My friend, who avoided being ‘caught’ is close to the upper hierarchy in the Shiv Sena and the Maharashtra Navnirman Sena. Our local, right-wing, belligerent, parochial political parties in Bombay. But he too gets uncomfortable when talk of ‘Mumbai for the Marathis’ comes up. Because he knows. It is an obsolete, regressive concept. If Mumbai had been built only by the locals/Maharashtrians it would not be the city it is today. One only has to visit the top floor of the Bhau Daji Lad Museum in Byculla to see how this city was built.

Auckland may have been named after Lord Auckland who was Governer-General of India (and lead a disastrous foray into Afghanistan in the 1850s) so what? It projects itself as a global city but has proposed budget cuts in the area of migrants and refugees. The irony is that the Royal Commission on Auckland Governance wants to hear from ‘ethnic’ communities. Some questions to start discussion, according to an email sent out by The Office of Ethnic Affairs, are:

Do councils respond to the needs of ethnic communities?

Are ethnic communities able to access council services?

😀
The Indian constitution deems that India is for all Indians. They can live anywhere they like in this country. So Maharashtrians can go anywhere they like. Why haven’t they? Afraid of hard work and sweat? Or discrimination? Or to fight for what is right but in a proper, civil way?

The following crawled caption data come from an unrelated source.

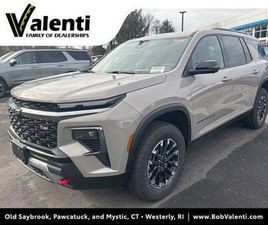 CHEVROLET TRAVERSE NEW 2026 CHEVROLET TRAVERSE AWD Z71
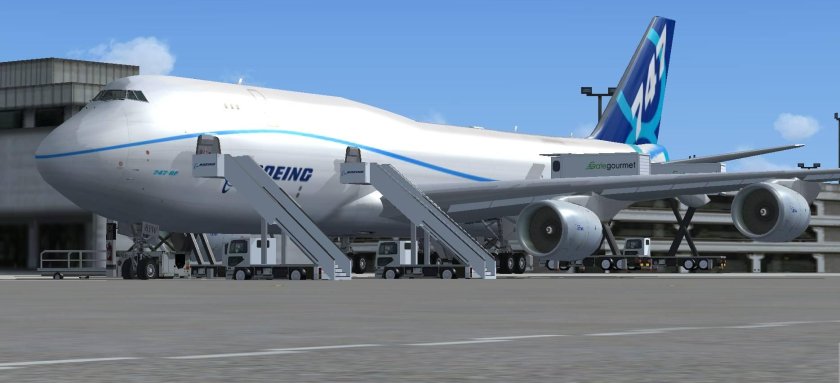 Боинг 747-8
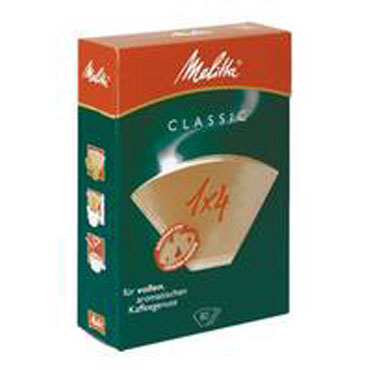 40 filtros cafétera 1x4 FILTRO1X4 40 filtros cafétera 1x4 FILTRO1X4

What is the meaning of being a New Zealander/an Aucklander? Just hyphenated words? Yeah, I am a female-Hindu-Brahmin-Maharashtrian-Bombayite-Indian-Aucklander-New Zealander….or a transnational, transcultural citizen of the world who would like to contribute positively to whichever country I work/live in?

Yesterday was the beginning of a long weekend in India. Eid-e-Milad, Navroze, Holi and Easter. Four festivals in four days. Three of which could be ‘Marathi’, irrespective of religion. Yet the Parsis also built Bombay no?

As I count my days to return to New Zealand I have reaffirmed one thing. I know where I come from so I can go anywhere I want. And that is more than being Just Marathi.

LOVING INDIA-2 Parochialisms etc


So I spoke Marathi on the plane and was relieved not to be surrounded by only the Gujaratis and Punjabis of the world Yes we Maharashtrians are not adventerous. That is why Raj Thakeray rants against North Indians and how they are usurping all the jobs that the sons of this soil are supposed to do. We are so proud of our land 🙂 During a conversation with a friend very closely associated with MNS (Maharashtra Navnirman Sena, Raj Thakeray’s breakaway party from uncle Bal Thakeray’s Shiv Sena), I ‘accused’ him of engineering riots to kick out Biharis from Mumbai. He turned around and said that I am an ‘outsider’ too. If I act too smart I will be packed off to New Zealand 😀 Yes this is the state of displaced daughters of the soil. Jay Maharashtra!

Parochialism is a great way to create a sense of singular identity. Parochialism is a great way to push for recognition. Such as South Asia (and India). I watched the IPL (Indian Premier League cricket) auction live on television. MS Dhoni was ‘bought’ for 6 crore rupees. And so many New Zealand cricketers for so many millions. Has anyone in New Zealand seen that kind of money? Or are they so fixed on China that they don’t see how India (and South Asia) is a geopolitically, economically and culturally important region for the future?

Perhaps the politically correct liberal intellectuals are happy just creating space for migrants and patting themselves on the back for it? Multiculturalism is good. Not understanding it is harmful. Let’s have more Diwalis and Lantern Festivals it is easy, simple and government driven. Surely diasporic identities are more complex than that?

Sometimes even I am unable to comprehend the complexities of my life as an Indian and and an Indian New Zealander. I see the muliple levels of existence here and try to make sense of it all…maybe that is why it is easy to slot migrants and decide what they should be. And here in India it is easy to be a middle class consumer detached from government and governance yet complain about democracy.